I was just wondering, what you would say if you were asked about abortion. Would you be for or against it?

COMMENT: I am for abortion in only three instances:

1. In the case of rape or incest.

2. To save the life of the mother.

3. If the woman wants one.

Kimberly R. Hoffman, Jasper, Indiana: What advice do you give to the youth of America? I am very interested in your response, and there are many of us here in Jasper who will gladly follow it.

COMMENT: When I was about your age, a man that I admired sat me down for a heart-to-heart talk.

"Son," he said, "if you expect to rate, don't expectorate."

I can honestly say that no adult ever gave me advice that was any more valuable.

Tony A. Neuhoff, Jasper, Indiana: Would you risk your popularitand acceptance by your readers to do an article in which you express your opinion on a controversial subject?

Lori A. Eckerle, Jasper, Indiana: Have you ever written an article that has brought you a major controversy? And if so, what was the article about? Secondly, what is one topic, if there is one, that you would not write about because of a possible controversy?

COMMENT: There is no topic a columnist should avoid because of controversy. Provoking thought is what column-writing is all about and thinking often can be very controversial (especially to people who are unused to it.)

The war in the Persian Gulf was obviously supported by the vast majority of Americans and anybody who questioned any part of that war was going to be very unpopular. But that was no reason to avoid writing about it and stating what I believed.

Just joining the herd and supporting something because everybody else does it doesn't make sense for a columnist or a citizen or an eighth-grader.

If you're going to pull the sled, you might as well be the lead dog, someone once said, because that's the only one whose view changes.

I don't know who told me that, but it may have been the same guy who told me about expectorating.

Brandi Keusch, Jasper, Indiana: In your column "Learning Ropes on Firing Line", you stated that a person may always be the same, but depending on who they are with, people may think of them differently.

For example, if an average person was with a bunch of dweebs that person would look brilliant, but if he or she were with a bunch of smart people they would look dumb.

COMMENT: This is why I try to hang around presidential candidates as much as possible.

Abby L. Kuntz, Jasper, Indiana: I was wondering if you ever ruout of ideas or have writer's block. If so, what do you do to get past it?

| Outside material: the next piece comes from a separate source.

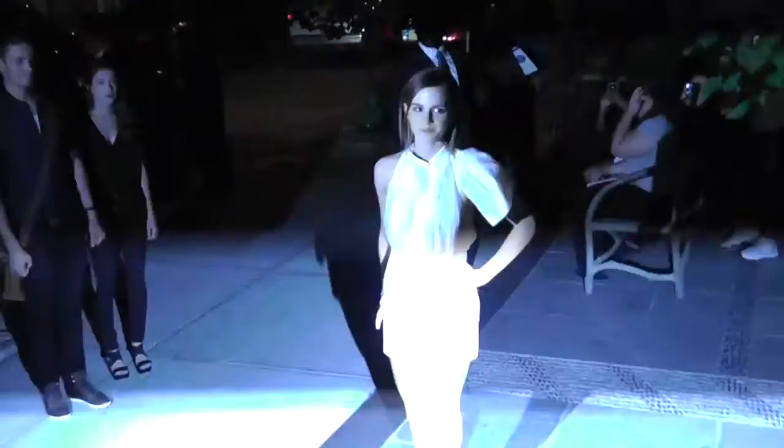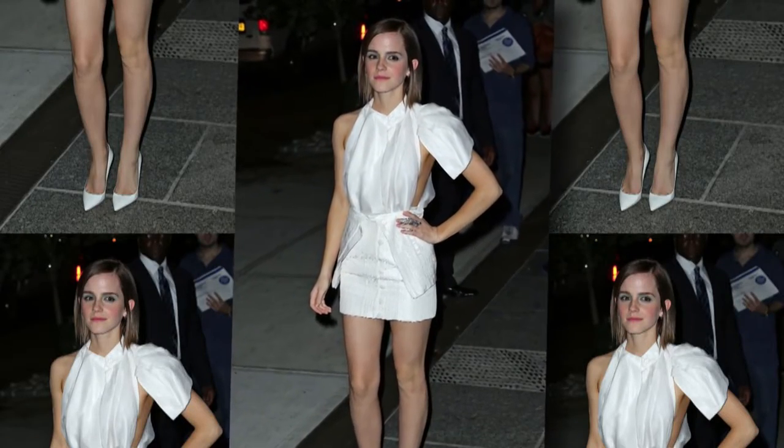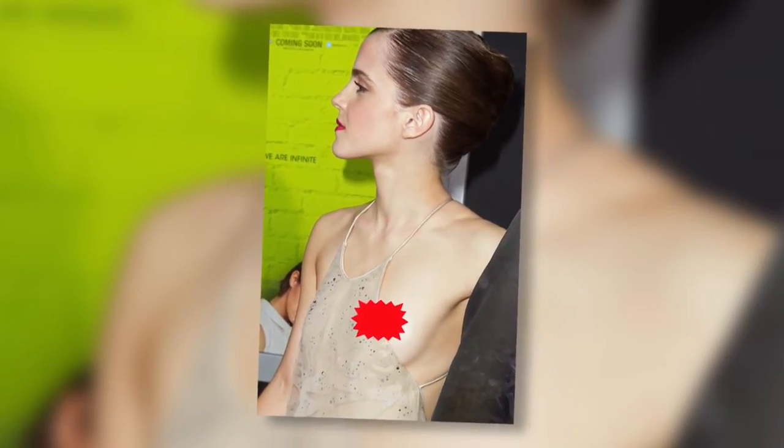Emma Watson showed the hint of a side boob and plenty of leg at a screening of her latest film. She suffered a wardrobe malfunction at the Los Angeles premiere recently when her dress slipped to one side and revealed her breast.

COMMENT: I run letters from Jasper, Indiana.

Arah Leslie, Jasper, Indiana: I am beginning to wonder where yoget some of your column ideas from.

COMMENT: Columnists get ideas from all kinds of places: Fro what they see and what they hear, from what they feel and what they think. They get ideas from readers and colleagues, from the mail and from telephone calls. They sometimes travel around the country and the world to learn new things.

They get ideas from people with axes to grind and scores to settle. And from people so battered by life that they feel their local newspaper is their court of last resort.

A columnist's ideas are as rich or as poor as his ability to perceive life around him. All he has to do is open his eyes, his ears and his mind.

And sometimes I just take old Erma Bombeck columns and put my name on them.

Toni Williams, Jasper, Indiana: I had many questions whilreading your column, but the one I asked myself the most was "How did you get started being a journalist? Was it a life-long dream, or was it a sudden decision? Who hired you? Do you write many books?" Another question I have is "What do you do in your free time?"

COMMENT: In my free time I write magazine articles and books. I have written two books so far and a third is under way. The tentative title is: "My Life, Volume I, The Early Years."

As to how I got started in journalism, well, I followed a rocky road. I never wanted to be a journalist. I wanted to play the trumpet in a bawdy house. I wanted to hang around the bar with a purple derby on my head and play my music.

When I told my mother this, she was horrified and packed me off to college where I learned all about journalism.

And I remember the day I got my first job. I wrote my mother and said: "Ma, I have become a newspaperman!"

She sent me a trumpet.

In all seriousness, I would like to thank the students of Japser for writing to me and for reading their daily newspaper. The one piece of advice I have for students at any level of education is to read on their own time, even when such reading is not assigned in class. Read anything.

I read so many comic books as a kid that my parents thought I would grow up to become Batman (actually, I liked the Green Arrow better.) As the years went by, I turned to slightly higher quality stuff.

But the reading habit is what is important. Once you develop it, the future is yours.

And every time I despair of the quality of education in America, I am going to re-read the letters from Jasper and be uplifted.